Quanto à recomposição sexual, como se sabe, as raparigas são hoje maioritárias na Universidade (com cerca de 60%) e isto verifica-se em quase todos os cursos da UC (são excepções as áreas de engenharia e de desporto). Curioso é verificar, ao relacionarmos as origens de classe com a condição sexual, que enquanto entre os descendentes de pais das classes média e alta existe uma maioria de rapazes, no caso dos filhos da classe trabalhadora, encontramos uma clara maioria feminina (34,5% contra 28,9%). Esta recomposição sexual reflecte-se, evidentemente, nas práticas e atitudes dos estudantes.

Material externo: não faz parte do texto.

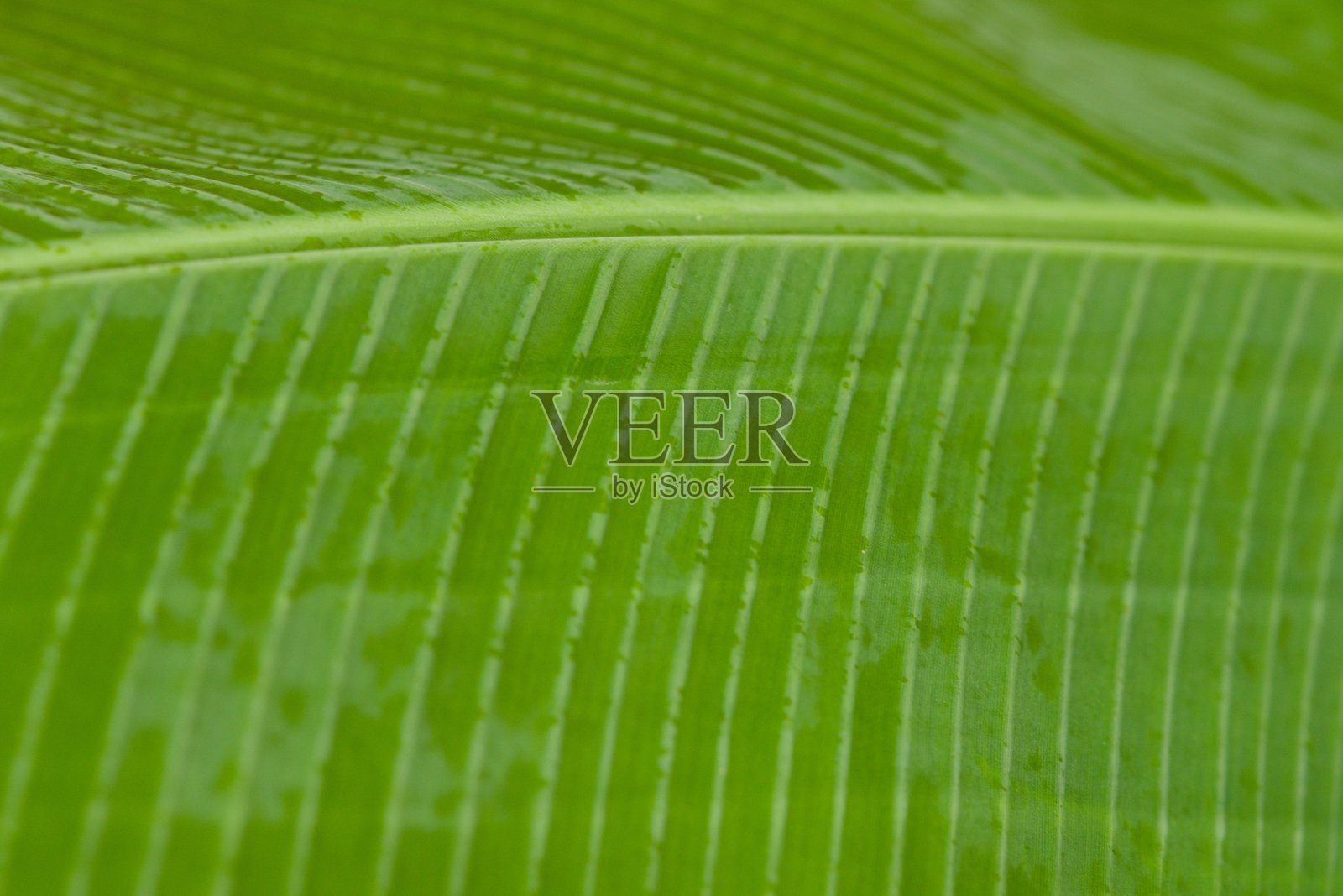 植物列表 2025 - 马萨·哈克基尼香蕉叶 (Haekkinens Banana Leaf)照片摄影图片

A preocupação com o acesso ao emprego que o curso pode permitir é, naturalmente, mais sentida entre os filhos de classe trabalhadora. E esta situação repercute-se nas atitudes perante o estudo e perante as actividades sociais em geral. As raparigas revelam maiores índices de leitura (extra-escolar), maior regularidade no estudo e na frequência das aulas, maiores expectativas quanto ao acesso a "uma profissão que permita realização pessoal", maior sensibilidade perante o "conhecimento académico como condição para intervir na sociedade", dão menor importância à "praxe" e revelam mais interesse, por exemplo, pelo "baile de gala" da queima das fitas. Os rapazes dão mais importância à ideia de obter "uma profissão de prestígio e bem remunerada", revelam maior presença nas salas de informática, dão mais importância à "praxe" e à participação na "garraiada". Também lêem menos e estudam menos, mas no entanto, esperam dar um maior "contributo ao desenvolvimento científico".
A relativa perda do velho estatuto "elitista" da Universidade, a crescente feminização da população estudantil numa instituição secular como a UC, repleta de rituais de raiz "masculino", associados às tendências gerais de individualismo e desinteresse pela discussão e participação associativa, são questões que merecem reflexão e debate. Reequilibrar noutros termos o binómimo tradição/ modernidade é um desafio urgente para a UC.